#### Exercise goal
Copy the records below line by line and word for word, from the very first line through the line with "Model bedroom with", omitting each picture.

**********

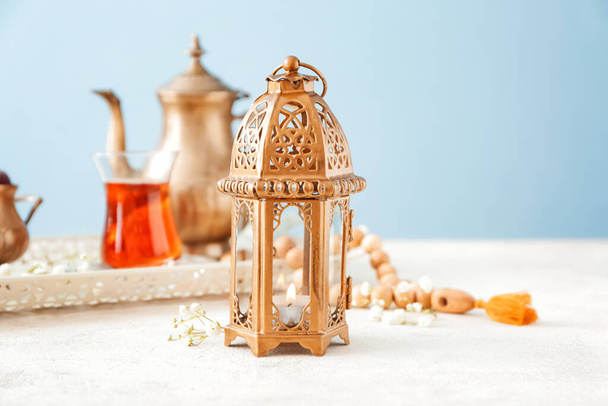 Lámpara musulmana con té sobre mesa blanca
 - Foto, Imagen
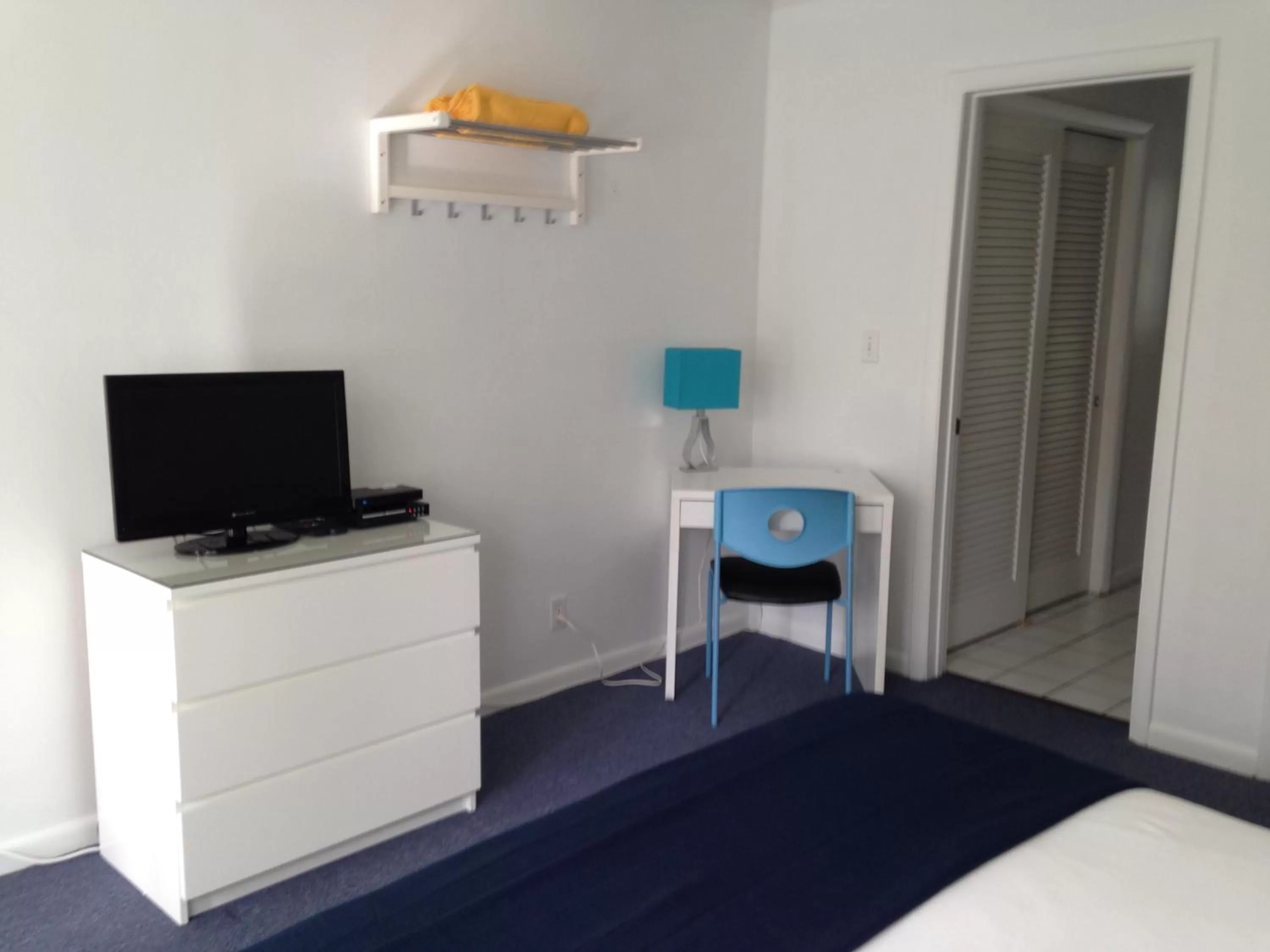 Photo of the whole room, TV/Entertainment Center in Cheston House - Clothing Optional All Male Guesthouse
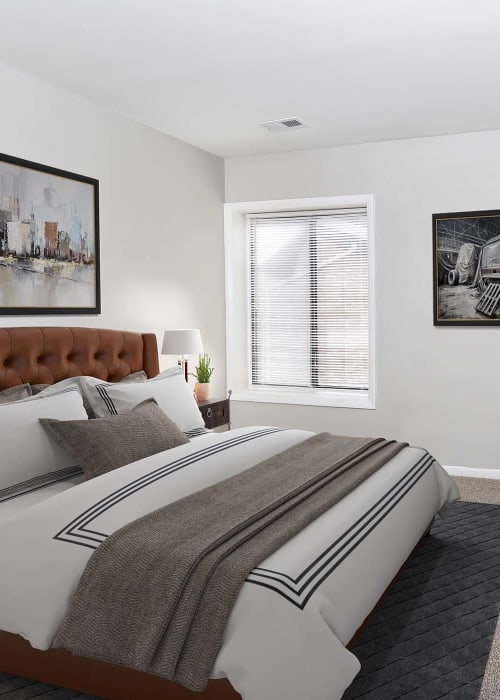 Model bedroom with plush carpeting and a ceiling fan at The Flats at Columbia Pike in Silver Spring, Maryland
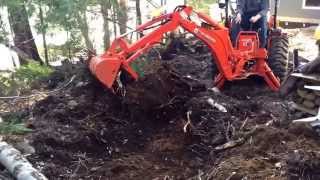 Successfully moving large Tree stump with Kubota tractorB2650 with 7'7" backhoe and la534 loader Successfully moving large Tree stump with Kubota tractorB2650 with 7'7" backhoe and la534 loader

**********

#### Task answer
 Lámpara musulmana con té sobre mesa blanca
 - Foto, Imagen
 Photo of the whole room, TV/Entertainment Center in Cheston House - Clothing Optional All Male Guesthouse
 Model bedroom with plush carpeting and a ceiling fan at The Flats at Columbia Pike in Silver Spring, Maryland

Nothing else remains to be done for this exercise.